Once you have all your Kubernetes managed from one place, you will be able to take many meaningful actions on individual clusters or across fleets of clusters, including (at launch):
- Centralized lifecycle management for VMware Kubernetes clusters. Single click provisioning, upgrade and maintenance for cloud-hosted Kubernetes clusters.
- Unified access management. Manage permissions and map teams’ access to clusters from a single location.
- Cluster health and diagnostics. Monitor the ongoing health of your clusters and identify common issues that may affect their production viability.
- Security and configuration management. Define policies that are enforced across all clusters and manage the configuration of Kubernetes clusters.
- Cluster inspections (driven by the open source Sonobuoy project). Schedule and run routine scans to confirm your clusters and conformant and properly configured.
- Backup and restore (driven by the open source Velero project). Configure backup and recovery capabilities from a central location. Manage not only the backup of Kubernetes, but it’s associated persistent volumes.
- Quota management and resource usage visualization. Assign and manage quotas across your clusters.
Completing the picture
With VMware Tanzu we have a portfolio of products and services to transform the way the enterprise builds software on Kubernetes.
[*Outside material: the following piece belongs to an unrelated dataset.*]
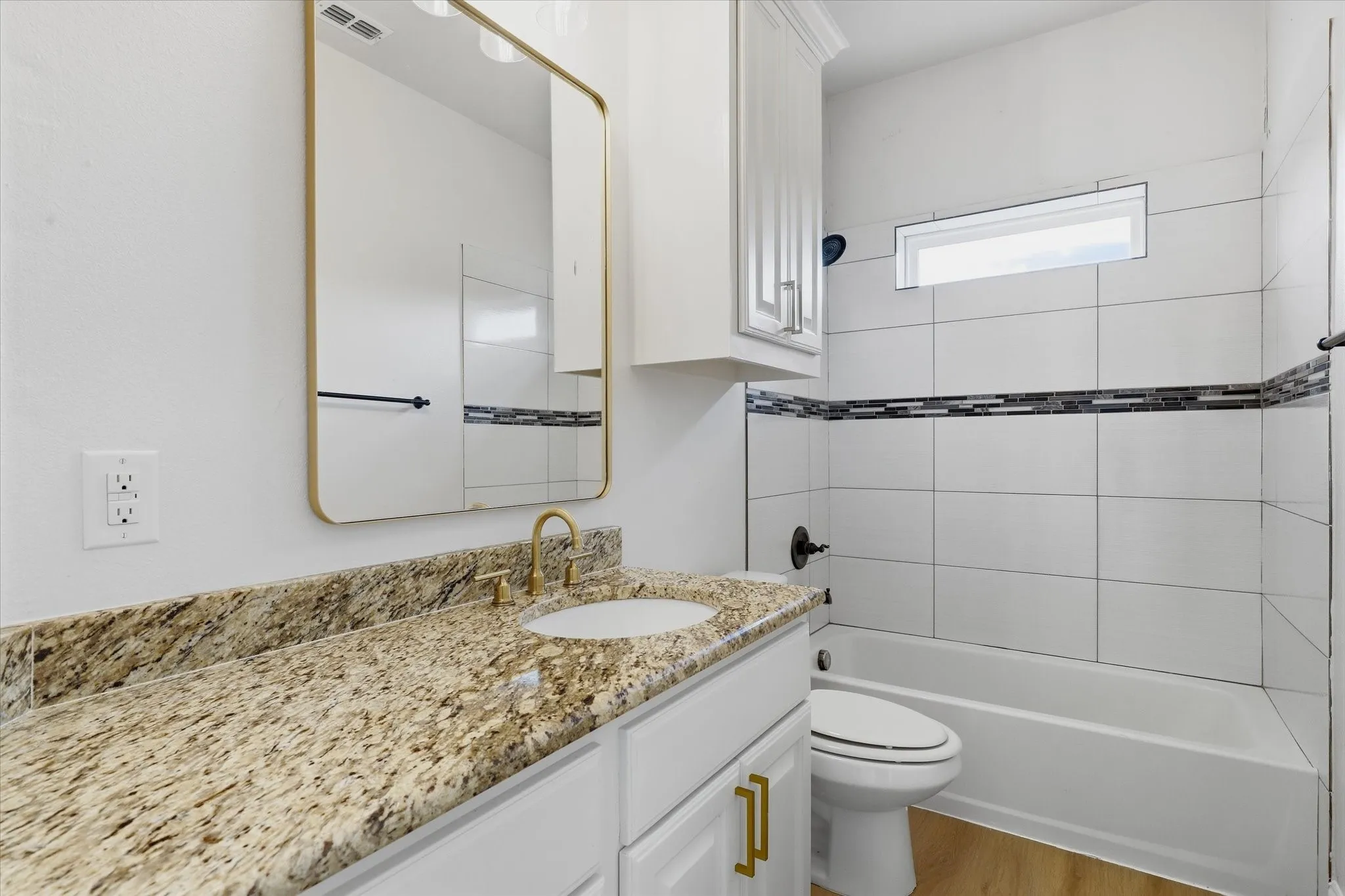 Single Family Residence For Sale in Dallas County , 2600 Almanzor Avenue, Irving, Texas 75062, 4 Bedroom, 4 Bathroom, 2 Garage spaces, 2,992 Sqft, built in 2014, mls#21400001, Real Estate Agent in Irving, Homes For Sale in Dallas county, Homes For Sale in Irving, Realtor in Irving Texas, Real Estate Brokerage Independent Realty Texas, Luminita Cordes Realtor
As you operate more Kubernetes clusters and applications, VMware Tanzu Mission Control will offer a powerful set of capabilities that allow operators to manage and developers to access a modern, agile, API driven infrastructure.
We are committed to making the power of the upstream Kubernetes community accessible to businesses the world over, and to reinforce Kubernetes’ role as that ‘Goldilocks’ abstraction that brings consistency to a highly fragmented, multi-cloud world.
*There is no commitment or obligation that technical preview features will become generally available.